■ PROVIDED ENTRIES ■
----------------

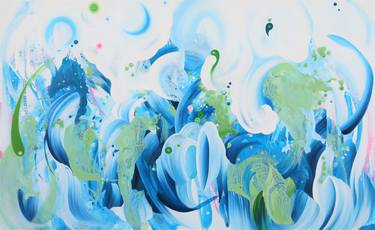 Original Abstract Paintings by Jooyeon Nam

----------------

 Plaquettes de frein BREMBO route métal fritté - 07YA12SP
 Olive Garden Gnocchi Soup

----------------

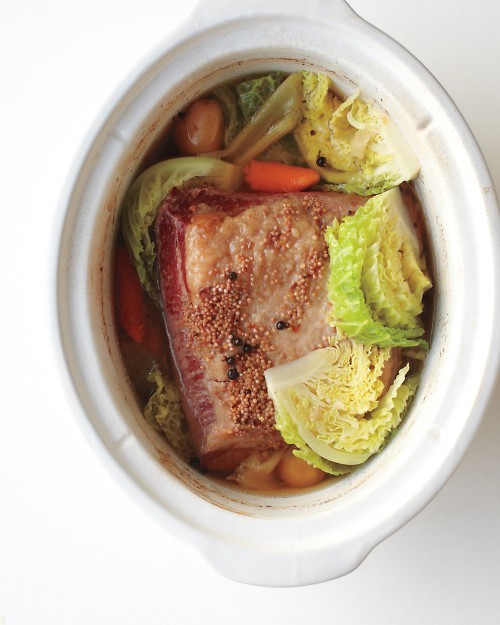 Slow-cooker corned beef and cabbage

----------------

■ WHAT TO WORK ON ■
Extract from the records above the lines from the one containing "Plaquettes de frein" to the one containing "Olive Garden Gnocchi Soup", both lines included, exactly as they appear and with nothing else.

■ YOUR SOLUTION ■
 Plaquettes de frein BREMBO route métal fritté - 07YA12SP
 Olive Garden Gnocchi Soup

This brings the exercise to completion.